Hilangnya ayah bukanlah ketiadaan sosok ayah secara fisik. Ini lebih kepada ketidakhadiran ayah secara mental. Seorang ayah bisa saja masih hidup dan tinggal serumah dengan anak yang sedang bertumbuh. Tetapi, tidak dengan kedekatan emosional yang sewajarnya juga mendampingi awal perjalanan manusia yang baru belajar menapaki dunia. Ketiadaan ayah secara emosional yang menyebabkan masalah mental yang begitu serius.
Tema dari paparan ilmiah yang akan dibawakan pada konferensi tersebut membuat saya mengingat kembali diskusi – diskusi yang sering kami lakukan di waktu senggang. Ingatan tersebut semakin menguat saat saya berbincang dengan pemilik warung kopi di Jimbaran yang buka di malam sampai dini hari. Warung yang tidak mempekerjakan pegawai karena suami-istri pemilik warung sudah cukup menangani semua. Warung kopi itu bernama: Rasa Kopi Tiam.
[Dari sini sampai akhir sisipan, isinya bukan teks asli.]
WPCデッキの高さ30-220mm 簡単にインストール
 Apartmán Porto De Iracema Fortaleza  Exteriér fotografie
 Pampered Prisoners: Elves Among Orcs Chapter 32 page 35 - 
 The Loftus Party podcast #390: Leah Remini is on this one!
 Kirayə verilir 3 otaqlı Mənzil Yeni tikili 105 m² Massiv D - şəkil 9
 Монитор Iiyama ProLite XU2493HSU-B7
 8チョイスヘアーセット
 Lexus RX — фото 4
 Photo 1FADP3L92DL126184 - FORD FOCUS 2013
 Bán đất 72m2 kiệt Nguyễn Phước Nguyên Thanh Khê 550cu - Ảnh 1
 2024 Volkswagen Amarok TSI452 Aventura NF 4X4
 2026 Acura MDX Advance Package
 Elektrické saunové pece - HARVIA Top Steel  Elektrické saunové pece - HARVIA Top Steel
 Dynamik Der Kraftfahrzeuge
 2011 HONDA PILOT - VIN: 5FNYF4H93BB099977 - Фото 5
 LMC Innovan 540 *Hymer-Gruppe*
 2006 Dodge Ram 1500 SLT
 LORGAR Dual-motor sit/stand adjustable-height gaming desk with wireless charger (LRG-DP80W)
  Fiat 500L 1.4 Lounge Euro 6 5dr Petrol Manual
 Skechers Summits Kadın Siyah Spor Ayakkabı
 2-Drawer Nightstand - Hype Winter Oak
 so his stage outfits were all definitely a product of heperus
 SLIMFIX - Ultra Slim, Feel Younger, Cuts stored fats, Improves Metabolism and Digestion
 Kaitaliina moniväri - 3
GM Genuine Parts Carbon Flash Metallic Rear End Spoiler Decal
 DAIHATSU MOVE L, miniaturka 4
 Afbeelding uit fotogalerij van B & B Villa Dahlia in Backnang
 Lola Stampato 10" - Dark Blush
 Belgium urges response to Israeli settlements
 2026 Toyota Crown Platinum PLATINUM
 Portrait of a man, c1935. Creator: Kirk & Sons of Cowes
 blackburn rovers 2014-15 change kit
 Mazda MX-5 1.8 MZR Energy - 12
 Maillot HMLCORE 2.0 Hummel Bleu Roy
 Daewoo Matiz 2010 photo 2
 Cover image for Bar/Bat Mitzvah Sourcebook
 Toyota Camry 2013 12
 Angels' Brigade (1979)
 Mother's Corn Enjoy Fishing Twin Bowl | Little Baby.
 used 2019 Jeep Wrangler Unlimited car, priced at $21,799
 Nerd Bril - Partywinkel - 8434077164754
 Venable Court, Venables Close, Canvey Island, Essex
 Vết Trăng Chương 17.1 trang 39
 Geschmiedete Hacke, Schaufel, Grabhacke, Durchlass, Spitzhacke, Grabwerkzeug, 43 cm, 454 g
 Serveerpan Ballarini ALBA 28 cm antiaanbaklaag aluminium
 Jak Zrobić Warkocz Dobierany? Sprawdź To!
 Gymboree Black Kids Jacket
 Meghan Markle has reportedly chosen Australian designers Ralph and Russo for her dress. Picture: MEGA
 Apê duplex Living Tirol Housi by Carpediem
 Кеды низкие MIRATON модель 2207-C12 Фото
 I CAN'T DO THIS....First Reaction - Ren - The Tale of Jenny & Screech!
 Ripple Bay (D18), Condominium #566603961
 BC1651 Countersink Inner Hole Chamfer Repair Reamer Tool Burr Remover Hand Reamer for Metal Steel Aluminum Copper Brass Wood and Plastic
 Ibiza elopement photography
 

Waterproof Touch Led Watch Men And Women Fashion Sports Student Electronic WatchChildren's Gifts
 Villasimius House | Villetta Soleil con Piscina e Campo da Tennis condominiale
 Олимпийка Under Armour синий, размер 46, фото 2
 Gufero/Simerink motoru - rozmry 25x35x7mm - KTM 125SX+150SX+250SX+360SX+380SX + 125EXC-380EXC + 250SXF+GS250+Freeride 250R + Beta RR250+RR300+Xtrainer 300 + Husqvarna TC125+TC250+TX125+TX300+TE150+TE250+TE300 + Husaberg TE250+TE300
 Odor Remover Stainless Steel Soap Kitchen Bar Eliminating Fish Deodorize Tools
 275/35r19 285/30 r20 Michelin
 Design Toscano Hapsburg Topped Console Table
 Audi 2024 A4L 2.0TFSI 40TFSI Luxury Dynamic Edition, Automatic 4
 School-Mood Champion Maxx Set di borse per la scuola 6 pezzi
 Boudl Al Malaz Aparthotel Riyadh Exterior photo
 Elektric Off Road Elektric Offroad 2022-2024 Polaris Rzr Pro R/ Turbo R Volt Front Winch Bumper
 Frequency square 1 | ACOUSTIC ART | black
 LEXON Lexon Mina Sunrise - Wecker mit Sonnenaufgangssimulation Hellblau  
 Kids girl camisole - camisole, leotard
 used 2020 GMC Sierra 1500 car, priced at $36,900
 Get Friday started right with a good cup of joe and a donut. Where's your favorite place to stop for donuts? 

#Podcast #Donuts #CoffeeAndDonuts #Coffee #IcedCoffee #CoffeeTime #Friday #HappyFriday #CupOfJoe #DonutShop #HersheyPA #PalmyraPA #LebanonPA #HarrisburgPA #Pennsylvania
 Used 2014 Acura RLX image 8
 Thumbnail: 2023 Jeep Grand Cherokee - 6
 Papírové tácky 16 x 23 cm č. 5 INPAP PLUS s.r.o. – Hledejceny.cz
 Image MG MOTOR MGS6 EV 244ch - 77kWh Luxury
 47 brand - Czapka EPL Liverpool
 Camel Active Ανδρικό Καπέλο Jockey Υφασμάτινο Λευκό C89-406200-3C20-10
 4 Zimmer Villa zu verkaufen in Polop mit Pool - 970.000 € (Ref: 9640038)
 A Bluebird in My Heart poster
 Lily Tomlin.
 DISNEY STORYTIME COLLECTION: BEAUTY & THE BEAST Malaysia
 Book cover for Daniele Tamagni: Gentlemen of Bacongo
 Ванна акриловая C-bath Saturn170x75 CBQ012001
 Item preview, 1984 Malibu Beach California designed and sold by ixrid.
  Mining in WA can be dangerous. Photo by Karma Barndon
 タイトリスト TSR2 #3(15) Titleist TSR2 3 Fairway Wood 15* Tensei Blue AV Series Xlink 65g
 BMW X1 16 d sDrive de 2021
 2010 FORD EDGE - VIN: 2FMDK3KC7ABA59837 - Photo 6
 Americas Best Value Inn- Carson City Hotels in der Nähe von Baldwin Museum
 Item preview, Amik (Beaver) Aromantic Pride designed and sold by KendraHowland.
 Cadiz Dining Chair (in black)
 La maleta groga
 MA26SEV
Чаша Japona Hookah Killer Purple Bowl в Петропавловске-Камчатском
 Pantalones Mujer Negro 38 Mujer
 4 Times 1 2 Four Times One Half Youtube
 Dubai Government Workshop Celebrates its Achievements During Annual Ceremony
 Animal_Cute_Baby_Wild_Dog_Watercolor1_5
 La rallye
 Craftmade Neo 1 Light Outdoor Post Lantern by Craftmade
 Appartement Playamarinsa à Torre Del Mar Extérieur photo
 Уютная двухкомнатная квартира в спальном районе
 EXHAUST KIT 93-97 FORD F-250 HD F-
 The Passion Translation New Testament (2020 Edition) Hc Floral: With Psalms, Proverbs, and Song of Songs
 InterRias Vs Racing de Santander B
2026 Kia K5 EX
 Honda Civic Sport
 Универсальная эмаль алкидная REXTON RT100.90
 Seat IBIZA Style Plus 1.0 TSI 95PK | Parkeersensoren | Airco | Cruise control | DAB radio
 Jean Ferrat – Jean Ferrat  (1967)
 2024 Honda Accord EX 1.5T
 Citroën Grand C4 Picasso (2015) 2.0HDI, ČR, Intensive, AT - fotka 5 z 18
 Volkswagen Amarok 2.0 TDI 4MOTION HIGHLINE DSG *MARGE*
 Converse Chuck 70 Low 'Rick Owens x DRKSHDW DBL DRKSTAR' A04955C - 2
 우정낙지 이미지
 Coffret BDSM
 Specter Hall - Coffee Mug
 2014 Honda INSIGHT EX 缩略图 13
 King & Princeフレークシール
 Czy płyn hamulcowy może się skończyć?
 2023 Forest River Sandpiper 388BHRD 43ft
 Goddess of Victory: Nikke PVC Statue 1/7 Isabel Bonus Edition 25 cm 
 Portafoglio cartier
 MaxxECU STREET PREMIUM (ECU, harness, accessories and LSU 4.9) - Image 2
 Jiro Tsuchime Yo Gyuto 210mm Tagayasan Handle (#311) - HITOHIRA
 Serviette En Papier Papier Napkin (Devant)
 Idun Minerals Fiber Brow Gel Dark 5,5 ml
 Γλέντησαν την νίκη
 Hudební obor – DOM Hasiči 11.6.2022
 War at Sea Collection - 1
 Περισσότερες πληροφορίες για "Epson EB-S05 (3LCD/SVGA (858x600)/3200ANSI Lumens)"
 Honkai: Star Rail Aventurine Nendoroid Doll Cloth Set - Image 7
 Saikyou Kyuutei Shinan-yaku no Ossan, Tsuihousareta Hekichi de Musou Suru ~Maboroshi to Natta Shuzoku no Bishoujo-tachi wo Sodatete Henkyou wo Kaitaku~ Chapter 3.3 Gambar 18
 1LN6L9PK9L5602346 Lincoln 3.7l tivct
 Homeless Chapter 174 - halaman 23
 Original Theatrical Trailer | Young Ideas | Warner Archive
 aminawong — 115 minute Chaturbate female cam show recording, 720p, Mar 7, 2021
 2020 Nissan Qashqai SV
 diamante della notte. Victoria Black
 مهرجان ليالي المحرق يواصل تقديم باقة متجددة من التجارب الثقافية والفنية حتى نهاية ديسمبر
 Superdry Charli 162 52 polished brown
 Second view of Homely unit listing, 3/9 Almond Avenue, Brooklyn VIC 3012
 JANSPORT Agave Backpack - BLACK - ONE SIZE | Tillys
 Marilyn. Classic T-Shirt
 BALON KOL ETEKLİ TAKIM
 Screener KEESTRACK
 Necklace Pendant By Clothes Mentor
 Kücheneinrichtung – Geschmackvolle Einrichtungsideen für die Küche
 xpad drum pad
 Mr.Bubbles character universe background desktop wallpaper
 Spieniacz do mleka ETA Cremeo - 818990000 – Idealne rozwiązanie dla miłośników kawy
Saya sering mampir ke warung kopi itu. Paling tidak, dua sampai tiga kali seminggu saya datang hanya untuk memesan segelas teh tarik dan menghabiskan waktu untuk berbincang dengan pemilik warung. Datang hanya untuk menyesakkan ruang yang tidak begitu besar di mana masih banyak remaja usia kuliah yang memerlukan meja untuk menyantap makanan dengan jumlah konsumsi yang jauh lebih mahal dari pada segelas teh tarik. Datang sebagai benalu yang menambah kesibukan pemilik warung dengan mengajak berdiskusi hal – hal remeh, ekonomi, politik, sejarah, sampai filsafat. Serta mengamati interaksi pengunjung–yang sebagian besar adalah remaja–dengan pemilik warung. Kegiatan rutin yang membuat saya paham akan alasan warung menjadi selalu ramai.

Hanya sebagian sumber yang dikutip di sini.